Brooklyn Tech is known for cultivating high-performing extracurricular teams such as Debate and Mock Trial, who win national awards and retain spots on statewide leaderboards. Often unrecognized though, are Tech’s top-ranking step teams.
Step is a form of dance in which participants use their bodies as instruments to produce rhythms and sounds through footsteps, handclaps, and chants. Step uses elements of breakdancing, gymnastics, and tap dancing. It is an innovative sport that originated in the mid-20th century, primarily in African-American communities. The sport began to grow in popularity following the first national stepping contest, which aired in 1992. Since then, step has spread to Latinx and Asian cultures and continues to grow in popularity across the globe.
Tech has a male and female competitive step team: Organized Chaos and the Lady Dragons, respectively. Both teams have won a myriad of prestigious step competitions, including Youth Step, Battle in the Apple, Greek Alliance, Zeta Phi Beta, and the National Step League Championships.
Steppers are typically placed into divisions based on grade level. However, in national competitions, teams are divided into male, female, and co-ed sections. Steppers are generally judged on a criteria of complexity, creativity, precision, synchronization, enthusiasm, and vocal clarity. In certain competitions, they are also judged on entrance and crowd participation.

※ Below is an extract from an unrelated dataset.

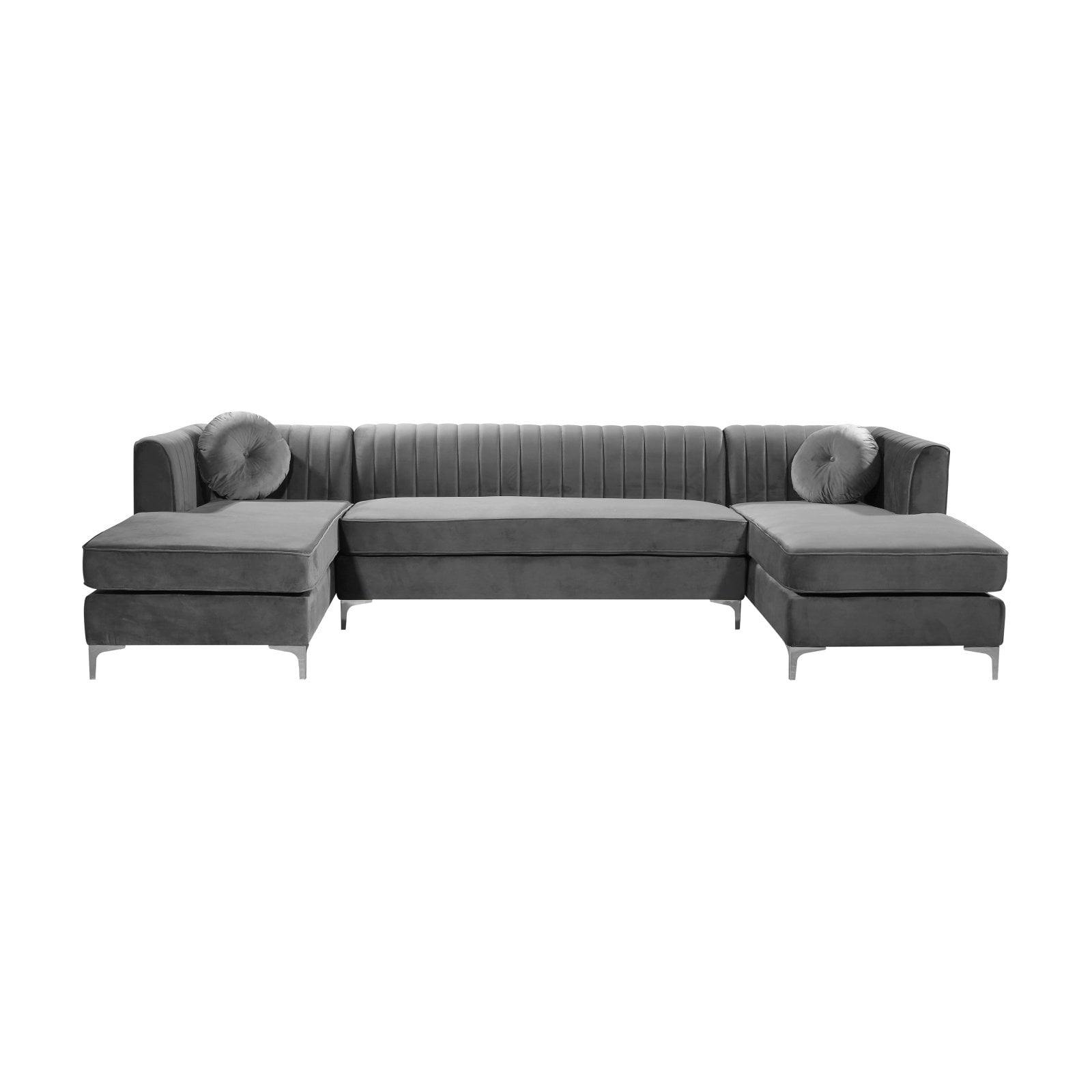 Elegant Gray Velvet Tufted Three-Piece Sectional with Solid Wood Frame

At Tech, the step teams meet every other day. Practice begins with team members lining up in squads to greet their coaches and captains. Warmups consist of running stairs, stretching, jumping jacks, push-ups, and stomp drills. They then separate into squads again to rehearse their step combinations.
The Lady Dragons team has four levels: Babies, Wyrmlings, Exhibition, and Competition. The Exhibition squad performs shows inside and outside the school, while the Competition squad professionally competes. Members typically start in the Babies squad, but mobility between these groups is not rigid. Steppers are evaluated on their skills each year, as only captains are guaranteed spots on the team. Steppers are expected to show up to every practice, exert 100% effort into their dances, and embody a collaborative team player that adds their personal flair if they hope to remain on the team.
Regardless of the commitment, step means more to its participants than any ordinary extracurricular activity. “The team has given me an outlet to express myself. I’m not a very outgoing or loud person, but when I’m on stage I can be whoever I want. It’s also given me a family: being a Black student at Tech, you spend most of your day with people who don’t look like you or relate to you as much. It was isolating, especially freshman year, so the team provides me with that,” Mary Kareem (‘22) explained.
For Christine Birotte (‘22), the team has a different importance. “It is a fun way to make friends and meet new people. It has been a great ride in helping me discover who I want to be as well,” she said.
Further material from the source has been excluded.